About this task: Would you restate, word for word, only the lines starting at the one with "New 2026 Chevrolet Trax RS image 25" and ending with the final line of the entries below? Pictures stay out.

=== Dataset records ===

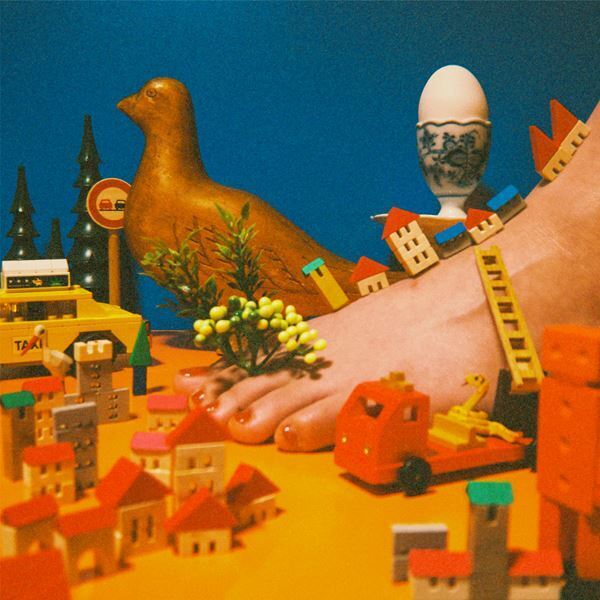 Laura day romance、ニュー・シングル「Amber blue」配信リリース＆東阪ワンマンライブ開催決定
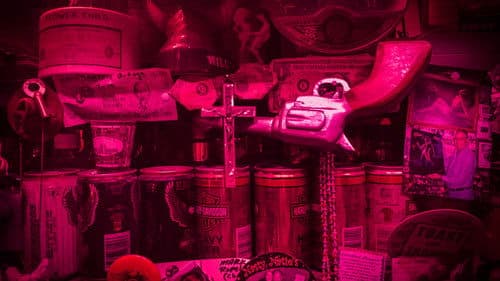 Too Old to Die Young Bild 5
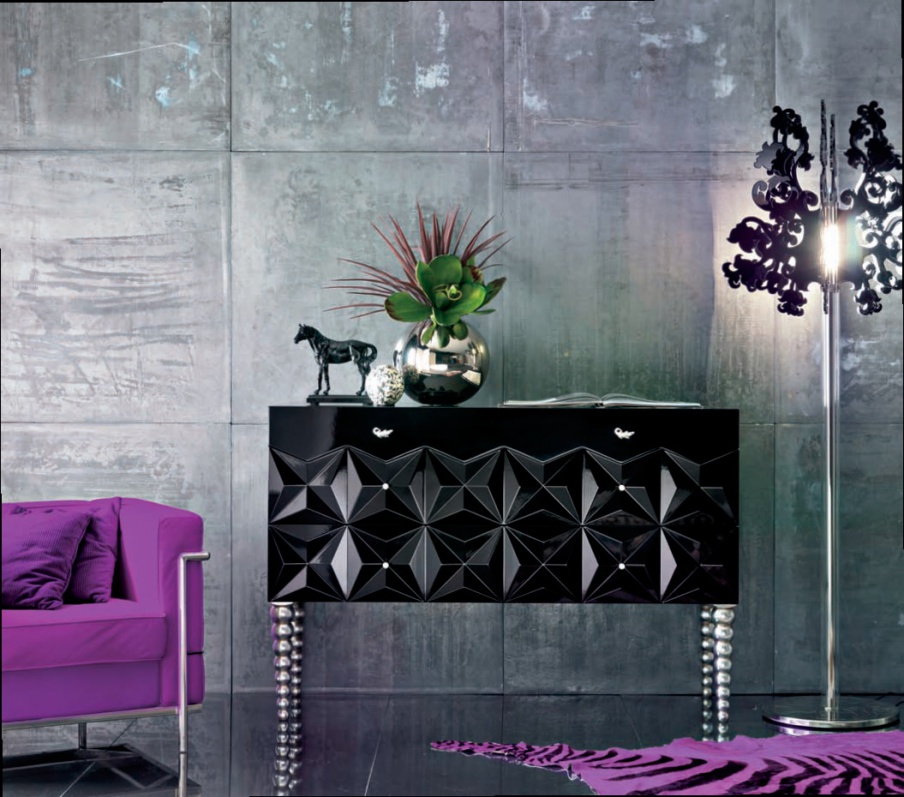 A chest of drawers in black Diamond, Bizzotto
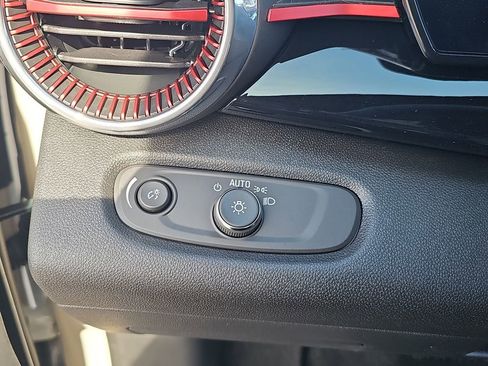 New 2026 Chevrolet Trax RS image 25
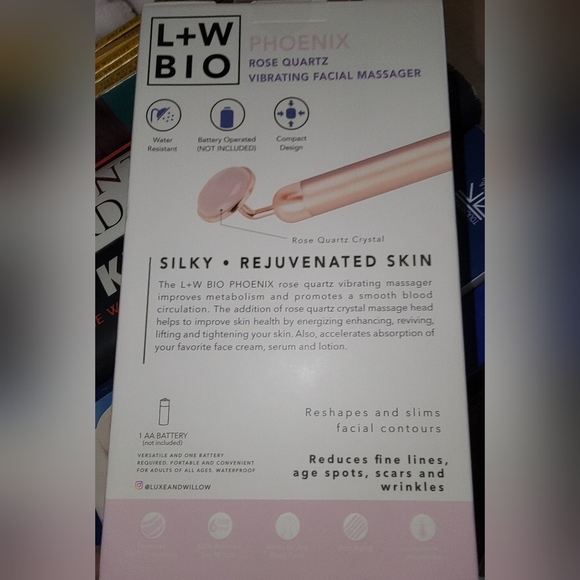 NIB Luxe + Willow Bio Phoenix Rose Quartz Vibrating Facial Massager - Picture 2 of 2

===

Output:
 New 2026 Chevrolet Trax RS image 25
 NIB Luxe + Willow Bio Phoenix Rose Quartz Vibrating Facial Massager - Picture 2 of 2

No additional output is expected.